* **Problem to work on**:
Lines from the line with "(PDF) Integrating Semantic" to the line with "Baskılı Oversize Basic" in the entries below, and only those, must be output exactly, with both ends included.

* **The records**:
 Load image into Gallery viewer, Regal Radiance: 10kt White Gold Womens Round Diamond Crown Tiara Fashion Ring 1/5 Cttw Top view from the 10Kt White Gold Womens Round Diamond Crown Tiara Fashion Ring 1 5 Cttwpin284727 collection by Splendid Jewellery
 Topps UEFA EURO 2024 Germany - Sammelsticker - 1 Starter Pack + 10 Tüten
---
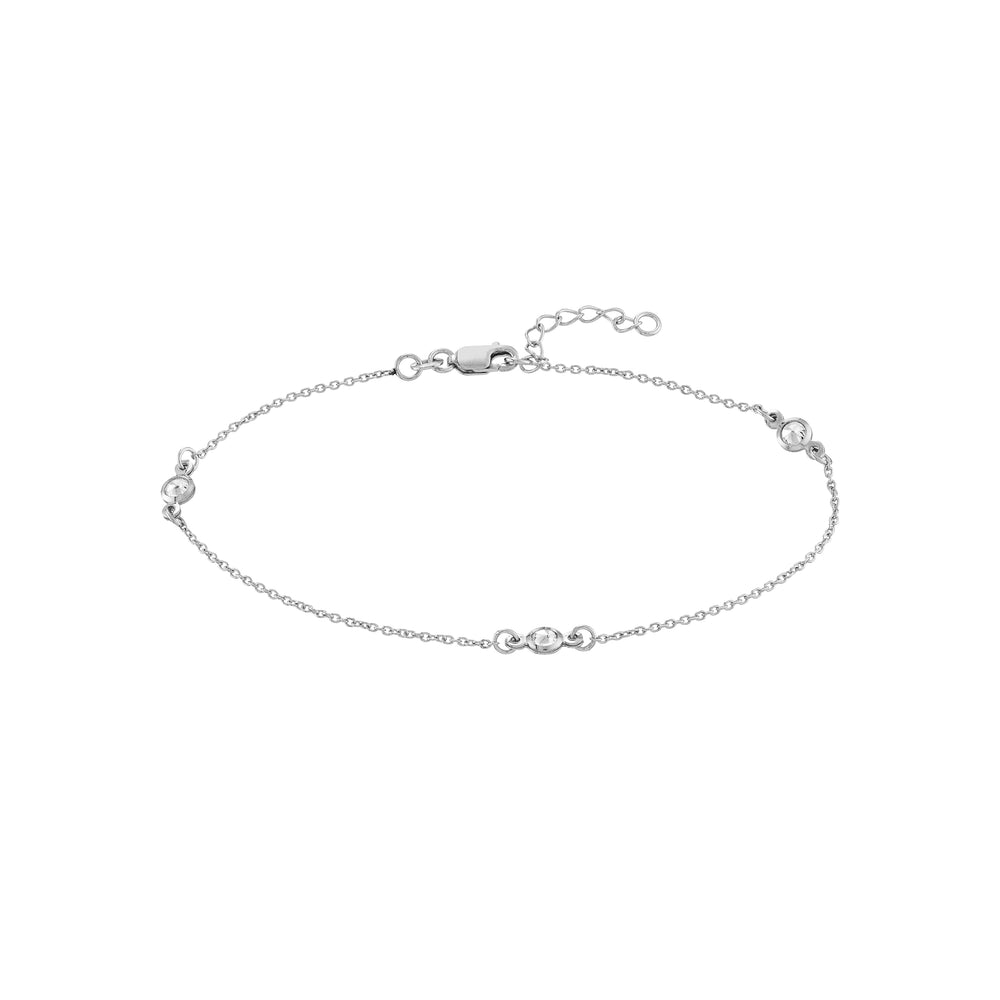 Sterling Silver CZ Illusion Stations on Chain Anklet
==
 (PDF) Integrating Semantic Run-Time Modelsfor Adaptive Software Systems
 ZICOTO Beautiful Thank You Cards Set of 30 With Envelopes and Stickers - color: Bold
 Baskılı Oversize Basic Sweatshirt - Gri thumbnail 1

* **Response box**:
 (PDF) Integrating Semantic Run-Time Modelsfor Adaptive Software Systems
 ZICOTO Beautiful Thank You Cards Set of 30 With Envelopes and Stickers - color: Bold
 Baskılı Oversize Basic Sweatshirt - Gri thumbnail 1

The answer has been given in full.